Use Cauchy's Residue Theorem:$\oint_\gamma f(z)dz=2\pi i\sum_{a_i\in A}\operatorname{Res}_{z=a_i}f(z)$
When $\,A=\,$interior of the rectifiable curve $\,\gamma\,$ which meets no poles of $\,f\,$ .
Note that taking $\,r\in (2,3)\,$ or taking $\,r>3\,$ is the same regarding this integral (why?), and since all the function's poles are simple you can easily calculate its residue at pole $\,a_k\,$ by evaluating $\lim_{z\to a_k}(z-a_k)f(z)$ with $f(z):=\frac{1}{z(z-1)(z-2)}$
Added For any $\,r>0\,\,,\mathcal{C}_r\,$ is a circle centered at the origin and radius $\,r\,$, thus for instance:
$\,(2)\,$ For $\,r\in (1,2)\,\,,\,\mathcal{C}_r\,$ is a circle centered at the origin that intersects the $x-$axis at some point between $\,1\,$ and $\,2\,$, thus the inner part of this circle, $\,A\,$ (which is inclosed by the path $\,|z|=r\,$ , the circle's perimeter if you will) only contains the poles $\,0,1\,$of the function $\,f(z)\,$, and thus here $I_r=2\pi i\sum_{a_i\in A}\operatorname{Res}_{z=a_i}f(z)=2\pi i\left(\frac{1}{2}+(-1)\right)=-\pi i$ Why?

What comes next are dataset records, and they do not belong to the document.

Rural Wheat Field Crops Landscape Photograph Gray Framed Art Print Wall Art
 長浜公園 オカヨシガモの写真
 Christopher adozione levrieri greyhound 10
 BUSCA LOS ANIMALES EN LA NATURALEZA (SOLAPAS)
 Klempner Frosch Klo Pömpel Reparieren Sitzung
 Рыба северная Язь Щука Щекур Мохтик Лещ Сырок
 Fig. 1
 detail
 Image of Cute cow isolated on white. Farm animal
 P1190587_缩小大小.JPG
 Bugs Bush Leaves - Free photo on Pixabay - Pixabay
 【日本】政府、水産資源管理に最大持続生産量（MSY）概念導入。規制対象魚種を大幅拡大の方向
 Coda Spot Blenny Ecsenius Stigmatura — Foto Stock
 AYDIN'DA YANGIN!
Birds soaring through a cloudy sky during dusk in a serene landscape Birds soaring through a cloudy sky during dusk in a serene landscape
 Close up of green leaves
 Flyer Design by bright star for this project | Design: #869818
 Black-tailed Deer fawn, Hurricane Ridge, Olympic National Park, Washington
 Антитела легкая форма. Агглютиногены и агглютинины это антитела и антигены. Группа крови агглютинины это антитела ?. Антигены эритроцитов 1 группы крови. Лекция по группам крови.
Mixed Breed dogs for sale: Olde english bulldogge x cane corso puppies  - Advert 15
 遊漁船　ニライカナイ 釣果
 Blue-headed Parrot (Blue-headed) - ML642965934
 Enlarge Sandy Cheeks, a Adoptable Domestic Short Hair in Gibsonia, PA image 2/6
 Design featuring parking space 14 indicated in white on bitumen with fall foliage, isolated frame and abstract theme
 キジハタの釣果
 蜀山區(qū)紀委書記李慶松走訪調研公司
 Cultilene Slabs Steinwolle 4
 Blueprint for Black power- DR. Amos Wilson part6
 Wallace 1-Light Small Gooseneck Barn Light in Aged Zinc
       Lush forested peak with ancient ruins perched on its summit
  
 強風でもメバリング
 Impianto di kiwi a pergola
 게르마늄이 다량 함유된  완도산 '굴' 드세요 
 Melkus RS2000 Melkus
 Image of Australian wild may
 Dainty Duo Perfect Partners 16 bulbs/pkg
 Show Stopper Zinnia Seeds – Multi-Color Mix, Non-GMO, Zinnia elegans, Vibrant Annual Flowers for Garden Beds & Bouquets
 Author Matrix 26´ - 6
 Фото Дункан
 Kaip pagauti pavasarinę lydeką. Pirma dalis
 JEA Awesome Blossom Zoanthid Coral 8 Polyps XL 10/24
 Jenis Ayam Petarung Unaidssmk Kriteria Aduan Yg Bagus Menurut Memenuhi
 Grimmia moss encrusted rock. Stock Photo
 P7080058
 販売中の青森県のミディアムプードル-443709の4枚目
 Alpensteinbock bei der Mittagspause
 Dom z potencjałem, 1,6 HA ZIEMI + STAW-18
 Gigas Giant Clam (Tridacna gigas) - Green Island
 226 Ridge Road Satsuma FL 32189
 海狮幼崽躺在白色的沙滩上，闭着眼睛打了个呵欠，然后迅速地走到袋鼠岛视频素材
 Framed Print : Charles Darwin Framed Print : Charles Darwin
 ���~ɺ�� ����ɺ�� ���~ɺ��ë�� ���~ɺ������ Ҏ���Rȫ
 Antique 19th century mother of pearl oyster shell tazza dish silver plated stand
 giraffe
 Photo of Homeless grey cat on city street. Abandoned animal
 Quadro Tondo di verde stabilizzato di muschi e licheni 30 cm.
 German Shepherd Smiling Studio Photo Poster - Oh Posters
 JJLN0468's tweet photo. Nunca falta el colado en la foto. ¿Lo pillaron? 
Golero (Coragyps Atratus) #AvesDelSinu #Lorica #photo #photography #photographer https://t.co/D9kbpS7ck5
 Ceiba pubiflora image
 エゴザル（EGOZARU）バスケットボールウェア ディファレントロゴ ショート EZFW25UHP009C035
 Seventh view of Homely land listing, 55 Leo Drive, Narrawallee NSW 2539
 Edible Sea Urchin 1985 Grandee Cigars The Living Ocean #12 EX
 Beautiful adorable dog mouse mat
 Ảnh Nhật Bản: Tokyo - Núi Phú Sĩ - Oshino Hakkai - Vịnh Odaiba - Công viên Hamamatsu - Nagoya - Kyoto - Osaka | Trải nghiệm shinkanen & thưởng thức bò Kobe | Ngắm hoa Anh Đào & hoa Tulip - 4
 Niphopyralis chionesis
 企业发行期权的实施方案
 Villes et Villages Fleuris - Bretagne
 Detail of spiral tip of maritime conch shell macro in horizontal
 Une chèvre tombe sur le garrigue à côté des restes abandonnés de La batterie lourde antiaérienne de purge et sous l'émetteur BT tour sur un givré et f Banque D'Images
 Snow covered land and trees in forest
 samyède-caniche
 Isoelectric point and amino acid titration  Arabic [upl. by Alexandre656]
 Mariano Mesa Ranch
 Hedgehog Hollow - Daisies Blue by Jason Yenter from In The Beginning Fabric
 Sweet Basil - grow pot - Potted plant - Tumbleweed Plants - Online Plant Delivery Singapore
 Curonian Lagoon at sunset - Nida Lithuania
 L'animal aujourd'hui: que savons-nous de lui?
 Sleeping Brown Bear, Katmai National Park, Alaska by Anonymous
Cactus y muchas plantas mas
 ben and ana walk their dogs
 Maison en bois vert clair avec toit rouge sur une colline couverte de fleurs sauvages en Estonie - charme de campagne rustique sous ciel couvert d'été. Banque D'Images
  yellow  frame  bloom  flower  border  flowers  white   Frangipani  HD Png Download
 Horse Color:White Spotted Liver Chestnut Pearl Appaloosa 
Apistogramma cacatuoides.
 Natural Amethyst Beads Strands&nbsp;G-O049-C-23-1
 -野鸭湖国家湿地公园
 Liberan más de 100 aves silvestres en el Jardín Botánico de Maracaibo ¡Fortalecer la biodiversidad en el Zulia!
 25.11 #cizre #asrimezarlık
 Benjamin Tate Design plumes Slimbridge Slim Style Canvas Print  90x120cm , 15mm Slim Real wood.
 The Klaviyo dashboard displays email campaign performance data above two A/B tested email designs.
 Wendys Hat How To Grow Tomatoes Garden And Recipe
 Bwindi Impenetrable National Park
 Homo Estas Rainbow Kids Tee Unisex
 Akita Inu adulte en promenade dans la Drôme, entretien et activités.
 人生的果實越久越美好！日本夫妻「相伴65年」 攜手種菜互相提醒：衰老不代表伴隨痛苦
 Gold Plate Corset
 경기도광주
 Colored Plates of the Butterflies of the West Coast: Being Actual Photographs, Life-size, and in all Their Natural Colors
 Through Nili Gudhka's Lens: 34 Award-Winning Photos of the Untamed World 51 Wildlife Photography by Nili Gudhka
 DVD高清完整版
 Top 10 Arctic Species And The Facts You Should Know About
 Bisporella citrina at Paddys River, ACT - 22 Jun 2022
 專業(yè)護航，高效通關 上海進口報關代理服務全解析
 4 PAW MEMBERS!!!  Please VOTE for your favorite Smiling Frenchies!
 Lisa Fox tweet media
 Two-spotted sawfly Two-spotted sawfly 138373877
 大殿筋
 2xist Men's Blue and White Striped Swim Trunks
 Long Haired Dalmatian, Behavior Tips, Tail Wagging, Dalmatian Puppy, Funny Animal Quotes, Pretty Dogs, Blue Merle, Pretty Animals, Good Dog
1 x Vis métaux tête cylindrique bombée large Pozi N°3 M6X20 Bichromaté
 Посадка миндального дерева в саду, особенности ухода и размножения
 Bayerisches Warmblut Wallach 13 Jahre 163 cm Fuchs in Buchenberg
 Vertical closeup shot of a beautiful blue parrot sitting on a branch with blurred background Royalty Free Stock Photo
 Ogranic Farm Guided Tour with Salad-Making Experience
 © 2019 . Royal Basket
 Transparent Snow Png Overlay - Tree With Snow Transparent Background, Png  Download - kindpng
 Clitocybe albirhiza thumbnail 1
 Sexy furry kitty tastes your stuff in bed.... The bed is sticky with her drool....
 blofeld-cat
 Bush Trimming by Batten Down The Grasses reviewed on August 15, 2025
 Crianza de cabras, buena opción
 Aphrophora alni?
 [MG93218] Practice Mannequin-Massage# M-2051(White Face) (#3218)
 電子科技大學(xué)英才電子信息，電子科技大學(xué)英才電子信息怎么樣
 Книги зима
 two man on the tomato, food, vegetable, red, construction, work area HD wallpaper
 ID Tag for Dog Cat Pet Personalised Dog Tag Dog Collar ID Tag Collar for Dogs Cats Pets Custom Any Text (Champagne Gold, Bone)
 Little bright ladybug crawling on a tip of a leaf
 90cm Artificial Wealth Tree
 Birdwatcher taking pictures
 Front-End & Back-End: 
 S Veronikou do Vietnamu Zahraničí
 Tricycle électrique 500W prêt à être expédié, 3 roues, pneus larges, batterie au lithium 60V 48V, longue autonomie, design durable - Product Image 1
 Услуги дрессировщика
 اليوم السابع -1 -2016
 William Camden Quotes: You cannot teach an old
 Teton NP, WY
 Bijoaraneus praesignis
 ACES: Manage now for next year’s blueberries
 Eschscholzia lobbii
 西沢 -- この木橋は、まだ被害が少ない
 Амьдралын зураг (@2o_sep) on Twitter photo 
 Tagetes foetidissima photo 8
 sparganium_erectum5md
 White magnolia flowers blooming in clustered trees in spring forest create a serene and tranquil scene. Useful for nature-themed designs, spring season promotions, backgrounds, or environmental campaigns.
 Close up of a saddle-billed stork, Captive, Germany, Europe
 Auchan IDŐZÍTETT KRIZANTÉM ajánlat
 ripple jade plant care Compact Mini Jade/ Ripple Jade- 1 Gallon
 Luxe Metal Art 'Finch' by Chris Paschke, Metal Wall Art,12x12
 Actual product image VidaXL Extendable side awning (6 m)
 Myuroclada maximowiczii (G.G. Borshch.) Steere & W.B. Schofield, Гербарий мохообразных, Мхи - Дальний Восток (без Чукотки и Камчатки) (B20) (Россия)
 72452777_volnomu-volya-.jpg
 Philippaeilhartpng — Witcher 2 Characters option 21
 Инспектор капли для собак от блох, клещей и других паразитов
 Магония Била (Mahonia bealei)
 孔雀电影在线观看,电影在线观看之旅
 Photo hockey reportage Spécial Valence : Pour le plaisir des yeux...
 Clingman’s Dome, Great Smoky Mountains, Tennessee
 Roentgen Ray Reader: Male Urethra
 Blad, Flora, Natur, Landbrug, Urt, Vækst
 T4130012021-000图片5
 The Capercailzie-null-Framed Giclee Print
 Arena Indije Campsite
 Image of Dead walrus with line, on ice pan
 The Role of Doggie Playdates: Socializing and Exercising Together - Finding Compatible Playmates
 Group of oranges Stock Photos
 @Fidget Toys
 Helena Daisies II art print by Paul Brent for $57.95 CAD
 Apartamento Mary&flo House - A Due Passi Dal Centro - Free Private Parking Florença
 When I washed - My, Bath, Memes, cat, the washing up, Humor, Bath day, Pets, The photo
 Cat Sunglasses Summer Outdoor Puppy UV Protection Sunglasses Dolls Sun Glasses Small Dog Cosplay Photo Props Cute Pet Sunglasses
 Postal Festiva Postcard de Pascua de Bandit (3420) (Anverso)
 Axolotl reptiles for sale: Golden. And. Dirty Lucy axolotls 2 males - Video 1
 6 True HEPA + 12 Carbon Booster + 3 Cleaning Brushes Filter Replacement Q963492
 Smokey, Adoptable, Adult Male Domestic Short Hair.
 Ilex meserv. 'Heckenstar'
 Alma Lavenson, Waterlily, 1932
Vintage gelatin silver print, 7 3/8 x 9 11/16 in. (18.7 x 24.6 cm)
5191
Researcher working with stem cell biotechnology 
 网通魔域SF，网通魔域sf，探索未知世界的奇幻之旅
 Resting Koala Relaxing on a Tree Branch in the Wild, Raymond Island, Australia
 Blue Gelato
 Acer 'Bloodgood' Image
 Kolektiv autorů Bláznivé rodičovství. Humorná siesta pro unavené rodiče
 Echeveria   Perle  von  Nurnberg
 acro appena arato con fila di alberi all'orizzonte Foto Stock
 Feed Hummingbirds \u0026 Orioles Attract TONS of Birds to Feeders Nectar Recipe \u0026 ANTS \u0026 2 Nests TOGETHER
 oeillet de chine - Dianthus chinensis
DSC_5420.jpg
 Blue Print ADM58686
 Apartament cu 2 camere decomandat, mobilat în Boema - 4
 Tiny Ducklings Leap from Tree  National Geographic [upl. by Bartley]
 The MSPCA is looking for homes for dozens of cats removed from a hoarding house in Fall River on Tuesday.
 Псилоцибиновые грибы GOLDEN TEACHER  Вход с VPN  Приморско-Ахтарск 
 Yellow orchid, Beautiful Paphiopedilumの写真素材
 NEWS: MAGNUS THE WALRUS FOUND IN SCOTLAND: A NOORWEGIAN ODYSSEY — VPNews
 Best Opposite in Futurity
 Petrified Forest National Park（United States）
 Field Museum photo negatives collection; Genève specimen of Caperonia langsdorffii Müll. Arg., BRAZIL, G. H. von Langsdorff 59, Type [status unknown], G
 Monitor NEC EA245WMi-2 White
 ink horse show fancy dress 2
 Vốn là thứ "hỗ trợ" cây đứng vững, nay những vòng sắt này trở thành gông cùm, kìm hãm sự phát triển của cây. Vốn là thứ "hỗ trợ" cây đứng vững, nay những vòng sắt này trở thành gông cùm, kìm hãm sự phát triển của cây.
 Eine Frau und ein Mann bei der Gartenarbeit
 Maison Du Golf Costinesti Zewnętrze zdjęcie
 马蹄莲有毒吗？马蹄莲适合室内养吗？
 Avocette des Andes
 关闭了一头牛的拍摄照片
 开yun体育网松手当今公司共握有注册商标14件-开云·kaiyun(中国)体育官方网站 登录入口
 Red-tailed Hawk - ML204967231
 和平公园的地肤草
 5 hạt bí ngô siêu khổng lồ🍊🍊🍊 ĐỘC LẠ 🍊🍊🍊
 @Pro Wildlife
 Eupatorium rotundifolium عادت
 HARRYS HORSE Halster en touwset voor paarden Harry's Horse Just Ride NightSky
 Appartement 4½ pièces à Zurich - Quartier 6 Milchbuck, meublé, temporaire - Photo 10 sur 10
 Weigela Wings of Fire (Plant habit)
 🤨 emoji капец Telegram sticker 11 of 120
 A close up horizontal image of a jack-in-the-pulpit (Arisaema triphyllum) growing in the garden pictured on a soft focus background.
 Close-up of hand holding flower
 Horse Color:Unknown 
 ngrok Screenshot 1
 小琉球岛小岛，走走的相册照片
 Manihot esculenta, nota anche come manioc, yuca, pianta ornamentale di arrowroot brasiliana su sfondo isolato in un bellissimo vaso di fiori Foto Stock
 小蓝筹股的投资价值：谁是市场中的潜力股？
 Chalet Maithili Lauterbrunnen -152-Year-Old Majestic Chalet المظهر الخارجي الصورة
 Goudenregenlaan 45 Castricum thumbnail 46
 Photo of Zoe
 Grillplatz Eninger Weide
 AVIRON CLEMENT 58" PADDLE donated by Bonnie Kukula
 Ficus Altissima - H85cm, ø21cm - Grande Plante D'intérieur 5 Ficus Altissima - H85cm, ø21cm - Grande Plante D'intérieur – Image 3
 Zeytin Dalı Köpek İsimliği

Because for example, as stated above: $\operatorname{Res}_{z=1}f(z)=\lim_{z\to 1}\left[(z-1)\frac{1}{z(z-1)(z-2)}\right]=\frac{1}{1\cdot (1-2)}=-1$
Similarly, the residue at $\,z=0\,$ equals $\,1/2\,$, as you can readily check, and now you can try the other options...
Ps. The formula above to evaluate the residues works for simple poles ...!